Exercise instructions – Return every line of the listing that includes the string "Used".

Extracted records –
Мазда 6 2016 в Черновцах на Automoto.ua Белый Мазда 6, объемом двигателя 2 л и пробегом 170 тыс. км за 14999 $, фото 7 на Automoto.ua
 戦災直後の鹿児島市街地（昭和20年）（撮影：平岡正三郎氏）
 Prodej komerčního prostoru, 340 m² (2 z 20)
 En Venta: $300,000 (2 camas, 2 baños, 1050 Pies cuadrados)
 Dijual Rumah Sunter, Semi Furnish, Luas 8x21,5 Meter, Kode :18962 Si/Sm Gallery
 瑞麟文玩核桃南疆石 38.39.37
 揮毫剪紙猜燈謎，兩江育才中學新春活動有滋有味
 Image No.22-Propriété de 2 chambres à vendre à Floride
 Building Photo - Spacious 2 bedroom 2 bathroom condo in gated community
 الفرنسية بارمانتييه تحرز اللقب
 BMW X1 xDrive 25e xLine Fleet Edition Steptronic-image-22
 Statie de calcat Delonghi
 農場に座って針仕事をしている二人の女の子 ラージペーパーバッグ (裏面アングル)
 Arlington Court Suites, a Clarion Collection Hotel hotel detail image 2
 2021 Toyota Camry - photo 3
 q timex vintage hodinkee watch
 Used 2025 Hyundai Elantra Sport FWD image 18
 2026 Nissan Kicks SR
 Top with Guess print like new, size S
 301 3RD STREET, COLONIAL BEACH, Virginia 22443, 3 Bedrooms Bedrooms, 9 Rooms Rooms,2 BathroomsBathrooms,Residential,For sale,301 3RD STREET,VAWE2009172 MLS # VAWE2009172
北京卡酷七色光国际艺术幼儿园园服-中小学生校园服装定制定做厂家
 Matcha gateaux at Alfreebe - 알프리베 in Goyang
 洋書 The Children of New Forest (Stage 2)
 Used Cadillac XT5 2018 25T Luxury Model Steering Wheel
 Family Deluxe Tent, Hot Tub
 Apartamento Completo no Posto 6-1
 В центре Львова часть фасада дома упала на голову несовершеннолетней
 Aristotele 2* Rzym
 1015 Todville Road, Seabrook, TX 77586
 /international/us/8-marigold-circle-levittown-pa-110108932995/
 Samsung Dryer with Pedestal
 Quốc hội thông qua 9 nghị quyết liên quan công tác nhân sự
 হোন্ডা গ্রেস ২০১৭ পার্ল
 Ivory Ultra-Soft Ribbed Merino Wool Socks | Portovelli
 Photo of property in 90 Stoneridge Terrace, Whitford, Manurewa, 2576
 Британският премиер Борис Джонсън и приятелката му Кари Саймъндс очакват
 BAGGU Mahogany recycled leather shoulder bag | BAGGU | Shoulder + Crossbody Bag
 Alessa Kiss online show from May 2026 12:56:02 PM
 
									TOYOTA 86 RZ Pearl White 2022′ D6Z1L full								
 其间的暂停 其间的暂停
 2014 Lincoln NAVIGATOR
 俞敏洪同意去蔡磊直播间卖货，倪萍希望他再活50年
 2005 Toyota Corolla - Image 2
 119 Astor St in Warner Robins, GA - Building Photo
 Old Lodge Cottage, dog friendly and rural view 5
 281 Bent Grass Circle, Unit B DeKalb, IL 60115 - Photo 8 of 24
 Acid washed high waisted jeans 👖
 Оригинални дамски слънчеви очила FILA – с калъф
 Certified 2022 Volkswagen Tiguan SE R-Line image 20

Response to the task –
 Used 2025 Hyundai Elantra Sport FWD image 18
 Used Cadillac XT5 2018 25T Luxury Model Steering Wheel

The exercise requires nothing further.